RECORDS SUPPLIED Start Marker

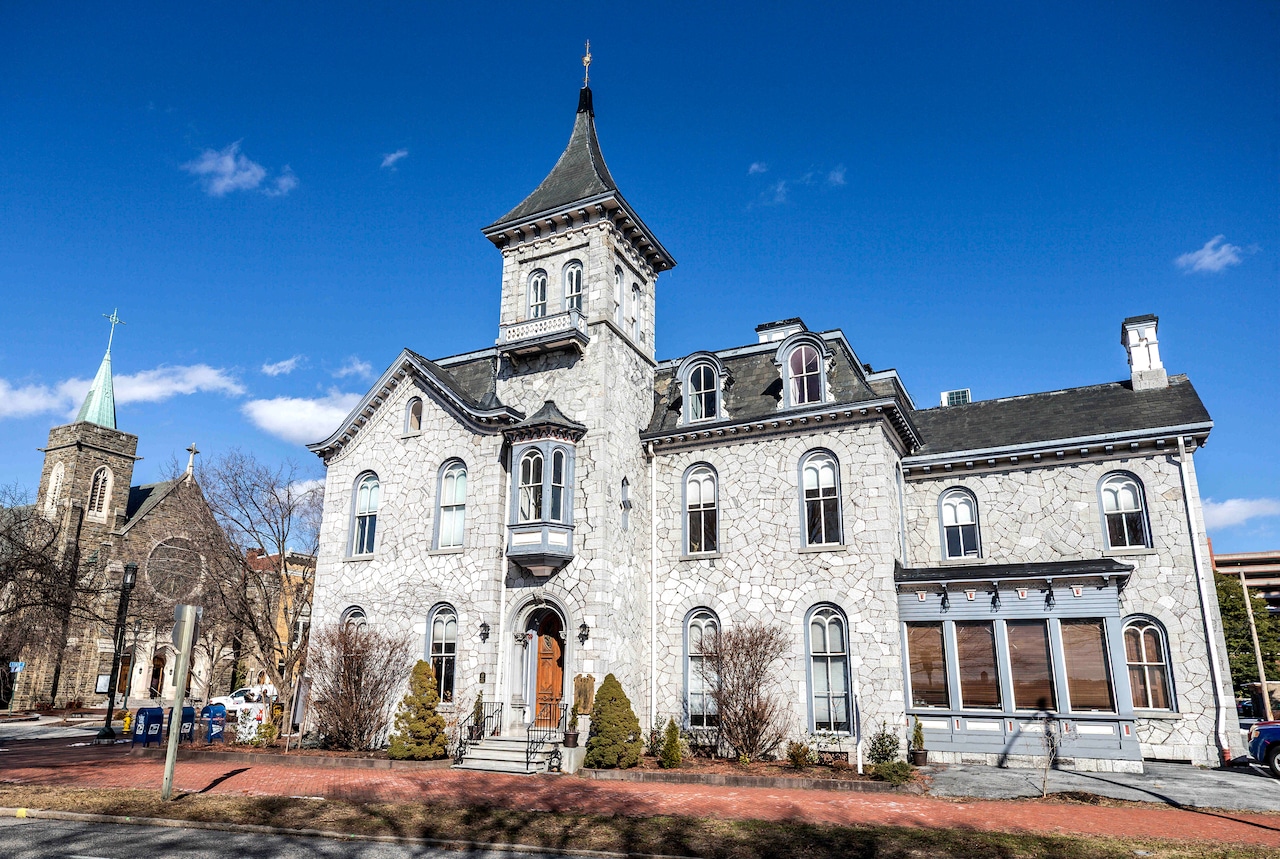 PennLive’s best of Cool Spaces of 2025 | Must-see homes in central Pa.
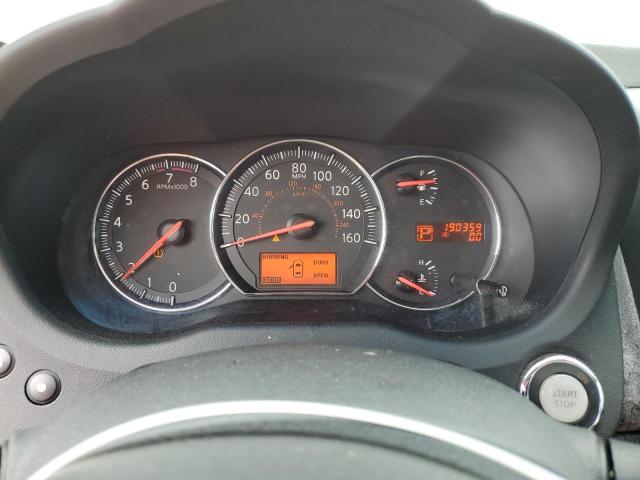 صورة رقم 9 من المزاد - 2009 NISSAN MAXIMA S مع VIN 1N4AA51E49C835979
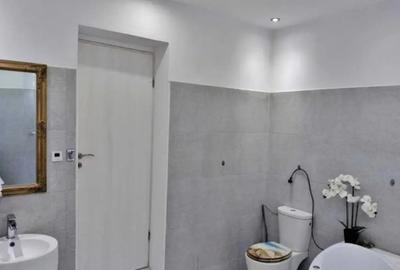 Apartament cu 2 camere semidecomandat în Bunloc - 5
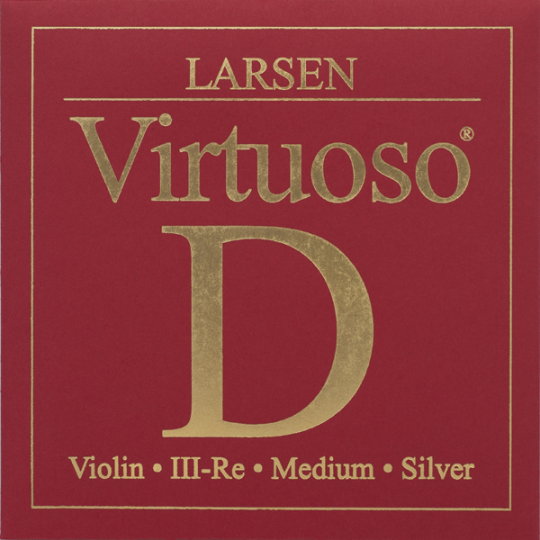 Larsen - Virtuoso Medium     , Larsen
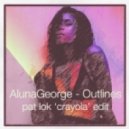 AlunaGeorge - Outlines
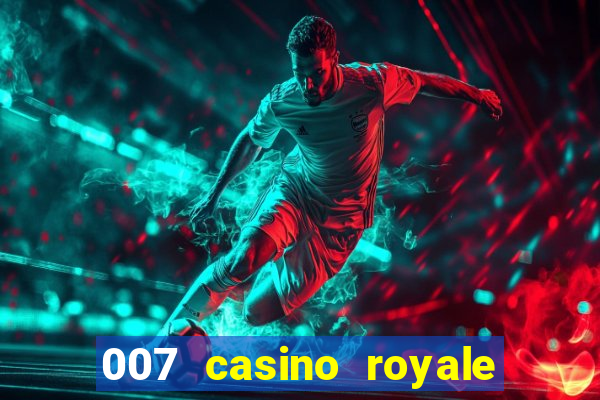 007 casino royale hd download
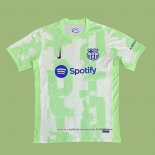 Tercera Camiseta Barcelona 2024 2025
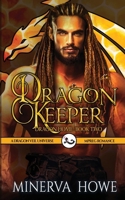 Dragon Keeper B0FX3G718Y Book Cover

RECORDS SUPPLIED End Marker

→ **ACTIVITY**
Omit the pictures and retype exactly the lines from the one containing "AlunaGeorge - Outlines" through the end of the entries above.

→ **WRITTEN SOLUTION**
 AlunaGeorge - Outlines
 007 casino royale hd download
 Tercera Camiseta Barcelona 2024 2025
 Dragon Keeper B0FX3G718Y Book Cover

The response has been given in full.